What’s your first artistic memory?
My dad would do these basic outlines of military vehicles and have me color them in, which guided the rest of my drawing in my early youth. I tended to create fantastical, military hovercrafts, snow machines and things like that. My dad is not in the military—he’s a lawyer in town—so I don’t know why he did that.
Tell us about a piece of art that you wish was in your private collection.
I would really like a Chuck Close portrait, those monumental portraits, but really any of his work from any medium, to hang in my studio’s foyer. I saw him speak when I was in school at UPenn, and I was very impressed with how he described his art and carried himself. He had specific ideas and a system that drove his work and I was impressed when I was in college to see a professional artist and his reasons and love for production.

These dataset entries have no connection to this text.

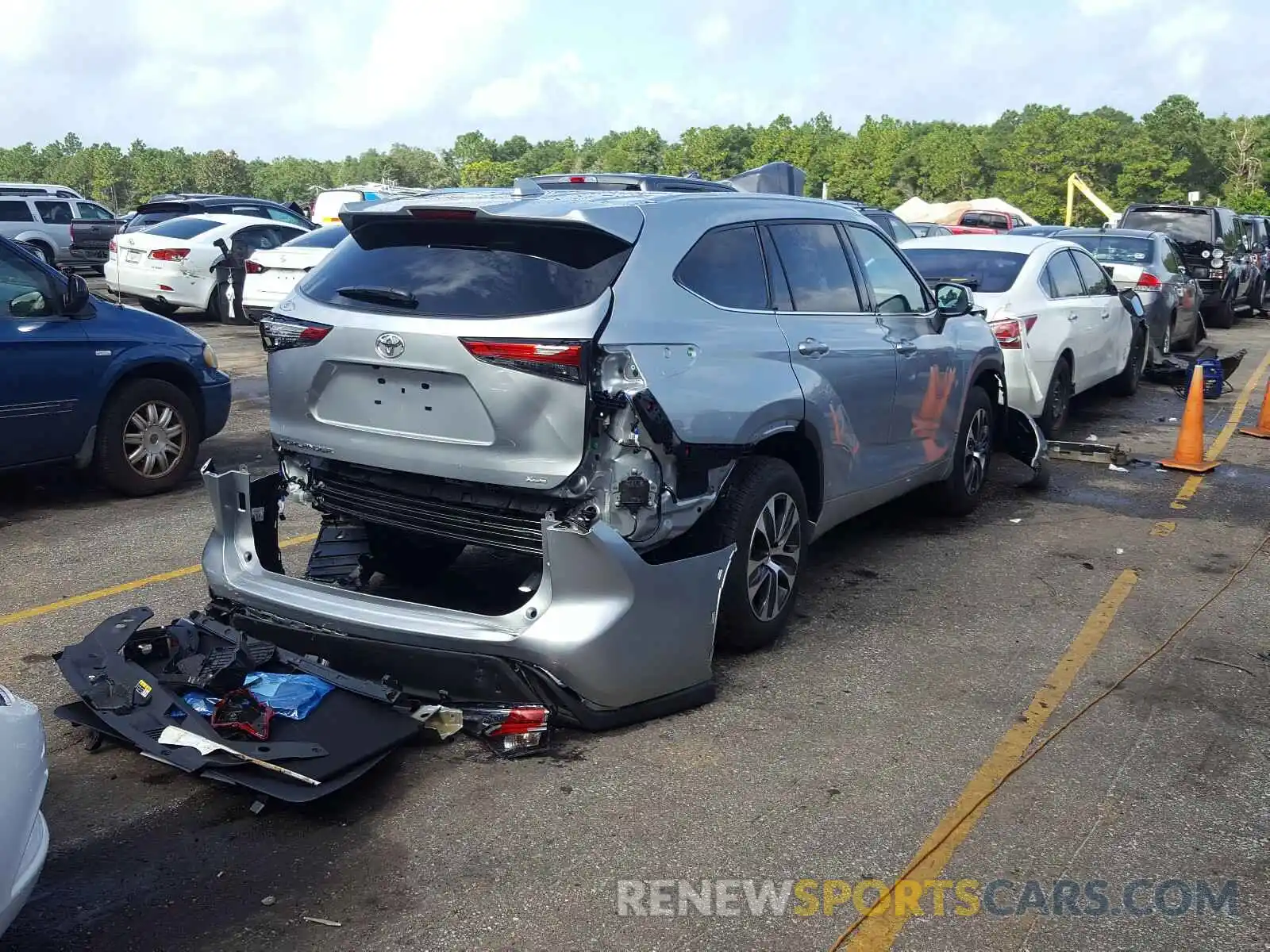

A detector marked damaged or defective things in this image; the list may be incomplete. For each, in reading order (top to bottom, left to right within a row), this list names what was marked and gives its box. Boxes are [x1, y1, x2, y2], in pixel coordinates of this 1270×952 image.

broken tail light [259, 316, 332, 354]
broken tail light [984, 316, 1035, 349]
broken tail light [464, 338, 587, 382]
damaged white car [198, 186, 1048, 730]
detached rear bumper [198, 470, 733, 730]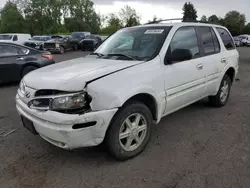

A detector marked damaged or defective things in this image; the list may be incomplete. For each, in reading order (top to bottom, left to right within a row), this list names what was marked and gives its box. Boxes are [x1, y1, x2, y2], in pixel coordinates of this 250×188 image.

crumpled hood [23, 56, 143, 90]
damaged front bumper [16, 94, 117, 149]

Locally, who would you like to collaborate with?
Patrick Costello. He’s a community activist, he’s involved with C’ville Foodscapes, and he’s a puppet maker. We have been making plans to collaborate based around mask-making and interaction of characters we make. We talked about doing a garden installation with performances to go along with it. It’s going to be in Charlottesville, definitely.
Item you’d splurge on?
Well, I just did. I bought a 20′ long, 1989, former USPS mail truck from a guy in Syracuse, New York. I’m going to use it for a mobile print studio. There’s a national printmaking conference every year, and next year it’s in St. Louis. A friend and I proposed to do a demonstration, and our proposal was accepted. We’re going to set up the retro-fitted mail truck in front of an art museum in St. Louis, create a station from which we’ll make prints and then receive telephone calls to take and deliver orders around town using the mail truck.
What would you do if you knew you couldn’t fail?
I would be in a band and be up on stage. It would definitely involve costumes. I don’t know if it would fall in the vein of Lady Gaga but it would be a Lady Gaga, Blue Man Group and David Bowie hybrid.